(INFORMATION PROVIDED)

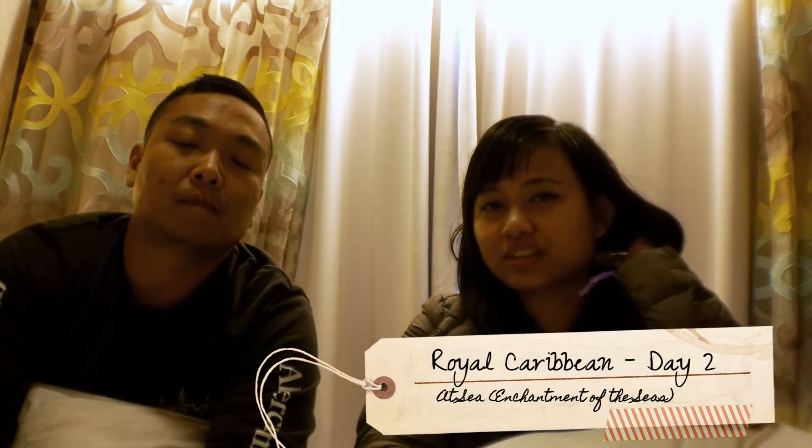Welcome aboard! We are currently on day one — day two. We're actually going to give you a tour of the cruise ship. I think there's a difference: boats are smaller than ships. I said ship!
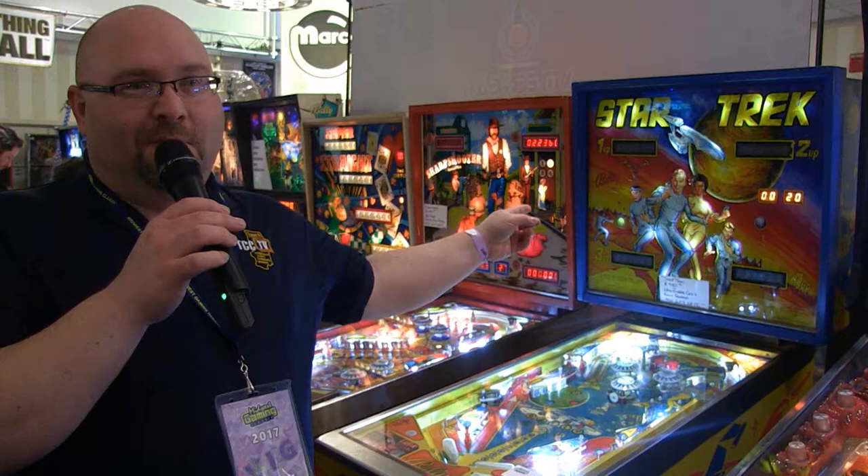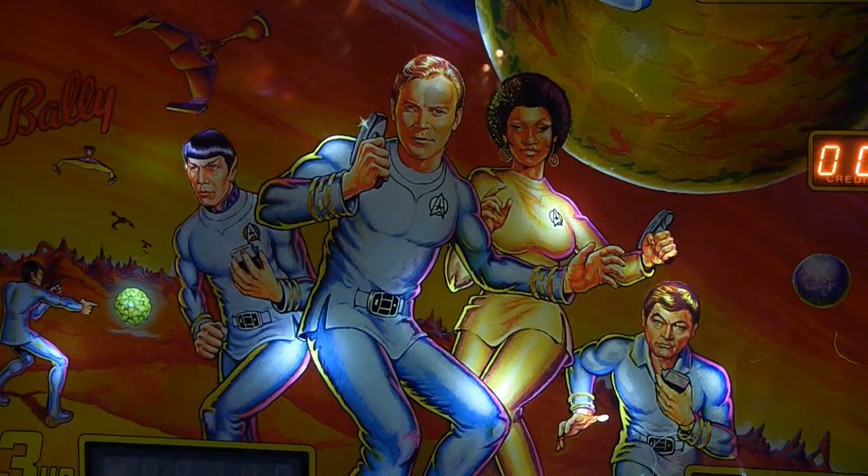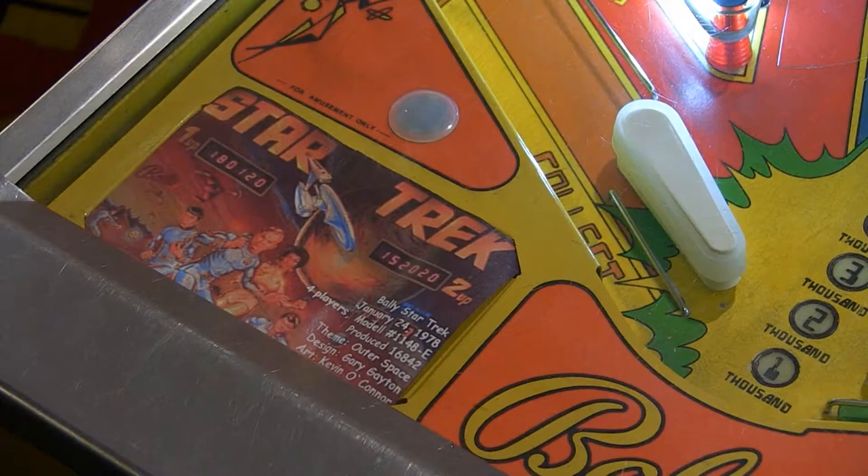Over here, we've got a Star Trek pinball machine. If you look very closely at the artwork on the backboard, all the characters are wearing uniforms from Star Trek The Motion Picture. Now, Star Trek The Motion Picture came out in December of 1979. But according to the card on the machine here, it says the machine was issued in January of 1978. So I'm kind of wondering if maybe that's a typo or not.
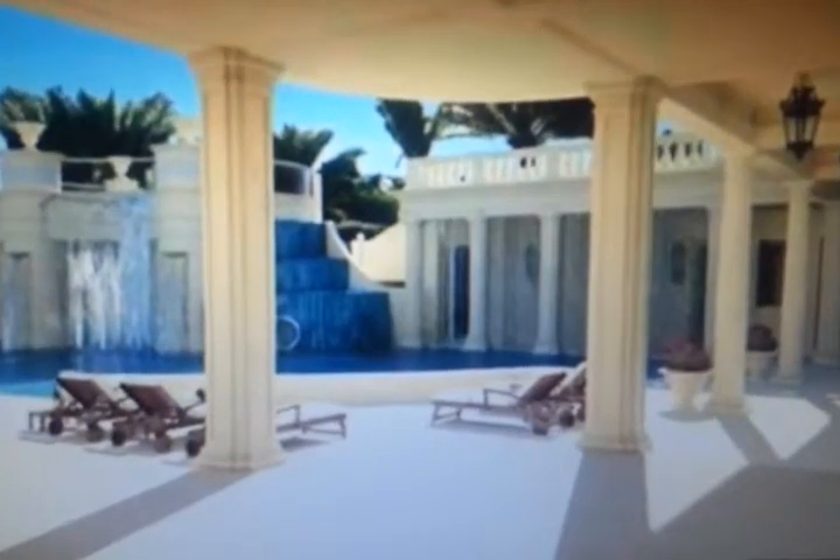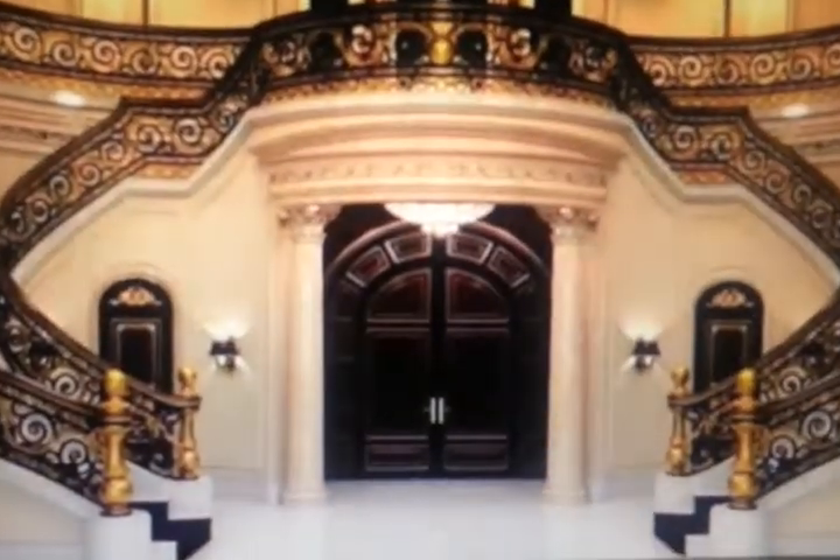60,000 square feet, the house boasts 11 bedrooms, 17 bathrooms — because you know you never have enough bathrooms — and the first ever in-home IMAX theater.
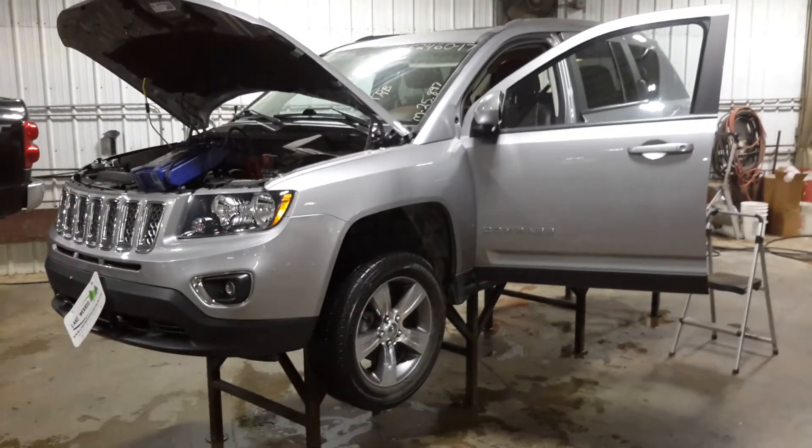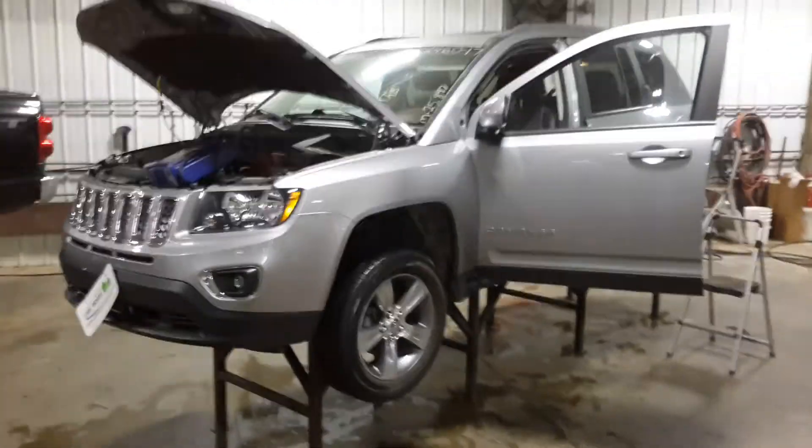Thank you for choosing Nordstrom. If you're visiting our Parting Out YouTube channel, you can give us a call or go to nordstromsauto.com.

(End INFORMATION PROVIDED)

Omit the pictures and output all of the other material exactly.

Welcome aboard! We are currently on day one — day two. We're actually going to give you a tour of the cruise ship. I think there's a difference: boats are smaller than ships. I said ship!
Over here, we've got a Star Trek pinball machine. If you look very closely at the artwork on the backboard, all the characters are wearing uniforms from Star Trek The Motion Picture. Now, Star Trek The Motion Picture came out in December of 1979. But according to the card on the machine here, it says the machine was issued in January of 1978. So I'm kind of wondering if maybe that's a typo or not.
60,000 square feet, the house boasts 11 bedrooms, 17 bathrooms — because you know you never have enough bathrooms — and the first ever in-home IMAX theater.
Thank you for choosing Nordstrom. If you're visiting our Parting Out YouTube channel, you can give us a call or go to nordstromsauto.com.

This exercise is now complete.